Even official data show India clocking strong real GDP growth in the previous year, with MOSPI estimates pointing to around 6.5% expansion in 2024‑25, giving Malhotra enough cushion to cut rates without fearing an immediate inflation rebound. This is what economists like to call a “Goldilocks” phase—growth is hot enough to create jobs and profits, but inflation is cool enough to let the central bank take its foot slightly off the brake. The MPC commentary emphasised that disinflation has been sustained, with retail inflation drifting below the lower end of the band for the latter half of the year, freeing policy to lean more aggressively towards supporting growth.
But RBI alone cannot manufacture a growth miracle; it can only create the financial weather in which growth‑friendly decisions become easier. The heavy lifting on the ground is coming from a series of structural reforms that the Modi government has been willing to push through despite political noise.
The four Labour Codes, now operational, consolidate and modernise dozens of legacy labour laws to make compliance simpler, hiring more flexible and social security more predictable—a combination designed to boost formal job creation while preserving worker protection. On the tax side, GST rationalisation and better compliance tracking have turned what once looked like a messy transition into a powerful engine of revenue stability, with GST collections growing around 9% in April–October 2025, signalling both healthy consumption and improved tax discipline. Chief Economic Advisor V. Anantha Nageswaran has been explicit that reforms in labour, GST and the new personal income tax regime are not just incremental tweaks; they are quietly raising the efficiency and competitiveness of the entire economy.

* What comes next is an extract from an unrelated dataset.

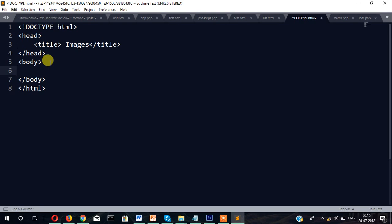Either you can insert the image from any live URL or you can copy the image and paste it into your folder. So let's see how.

When a growth‑tilted RBI meets a reform‑driven government, the synergy is much larger than the sum of its parts. Cheaper capital through a lower repo rate, combined with strong public capex and cleaner corporate balance sheets, can crowd in private investment in manufacturing, infrastructure and services.
The government’s continued capex push and reforms ensure that every rupee of lower interest cost has more productive avenues to go into—industrial capacity expansion, logistics upgradation, energy transition and digital infrastructure—rather than speculative froth. The external validation is already visible in multilateral forecasts: The IMF has India at around 6.5% growth for FY25 and FY26, the World Bank is a shade higher near 6.7%, and domestic projections for FY26 are now being nudged towards the 7%–plus zone as data keep beating expectations. In other words, the rest of the world is slowly pricing in what North Block and Mint Street are trying to engineer—a glide‑path towards sustained high growth with moderate inflation.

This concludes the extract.